Nous ne souffrons pas seuls de la chaleur : les indigènes sont anéantis. Les outres d’eau, disparues dans leurs corps assoiffés, transsudent de leur épiderme en ruisseaux abondants, et comme ils dépensent, à jouer le rôle d’alcarazas, le peu de force que le ciel leur a départie, encouragements ou punitions se brisent contre une nonchalance d’autant plus invincible que le soleil ne nous permet pas de stationner tout le jour dans les tranchées. Le capar de la salle à manger est notre unique refuge ; c’est dans cet asile sauvage que chacun attend son tour de corvée. Après une absence de deux heures, l’infortuné revient, la tête congestionnée, les bras ballants, les jambes traînantes. Nous étions cinq à nous relayer ; Sliman a trouvé galant de faire l’esprit fort et de se moquer devant les ouvriers de « ce prophète de malheur qui fait tomber la pluie, confisque la lune et grille les gens pour achever de se faire aimer ». Le motevelli est venu supplier Marcel de rappeler ce faux musulman. S’il s’écartait du camp après le coucher du soleil, il serait infailliblement massacré. Mçaoud, chargé jusqu’ici de la garde du camp, remplace son confrère.

« Les ouvriers m’aiment beaucoup, est venu me dire l’heureux époux de la trop chic Aïcha. Cet imbécile de Sliman avait insilté li bon dieu des Arabes. Moi je leur z’ai dit : Li bon Dieu des Arabes de Kabylie, ce n’est « pas tout à fait li même bon Dieu qui cili des Arabes d’ici ; mais tous li bons dieux des Arabes est la même chose. » Et ils sont été bien contents.

— C’est parfait. »

25 avril. — Marcel et moi espérions profiter de quelques jours de répit pour visiter deux forteresses antiques qui défendent un défilé de la chaîne des Bakhthyaris.

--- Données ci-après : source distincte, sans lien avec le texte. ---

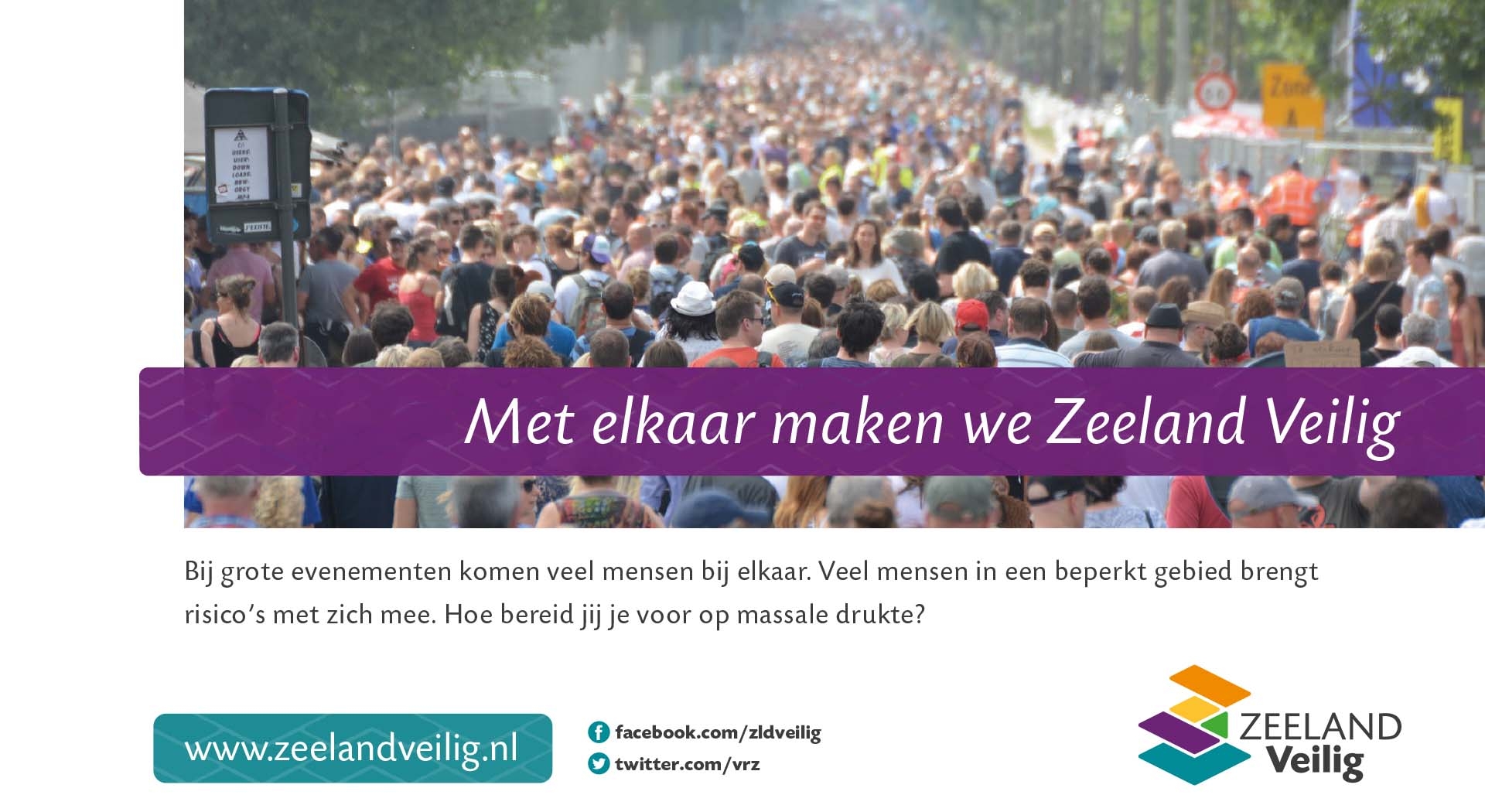 Poster Zeeland Veilig - Massale drukte en paniek (liggend 16:9) 2021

L’arrivée d’un courrier de Mozaffer el Molk a coupé les ailes à ce projet.

Comme tout bon cassed, le porteur connaissait le sens du message et en a donné cette traduction imagée aux ouvriers couchés autour des tentes :

« Les marauds qui continueront à travailler sous les ordres des Faranguis auront les oreilles coupées. »

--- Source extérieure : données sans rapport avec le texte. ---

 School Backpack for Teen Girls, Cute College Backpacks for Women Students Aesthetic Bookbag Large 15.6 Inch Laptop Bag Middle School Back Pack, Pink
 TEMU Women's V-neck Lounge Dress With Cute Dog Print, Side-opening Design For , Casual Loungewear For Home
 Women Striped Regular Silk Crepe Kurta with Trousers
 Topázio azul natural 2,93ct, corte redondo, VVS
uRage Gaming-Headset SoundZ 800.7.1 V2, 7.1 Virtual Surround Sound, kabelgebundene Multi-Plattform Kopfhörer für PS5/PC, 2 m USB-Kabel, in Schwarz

Marcel n’avait pas perdu un mot de la conversation de la nuit ; dès l’aurore il faisait assembler les Dizfoulis et, sans leur laisser le temps de se reconnaître, leur intimait l’ordre de se rendre au travail : « Les poltrons n’ont qu’à se retirer. » Tous ont saisi pelles et pioches et pris le chemin du chantier.

« Les hommes qui ont peur ! s’est écrié Ousta Hassan demeuré sur nos talons, tous ont peur ! Et moi, leur chef, je suis plus épouvanté qu’eux tous.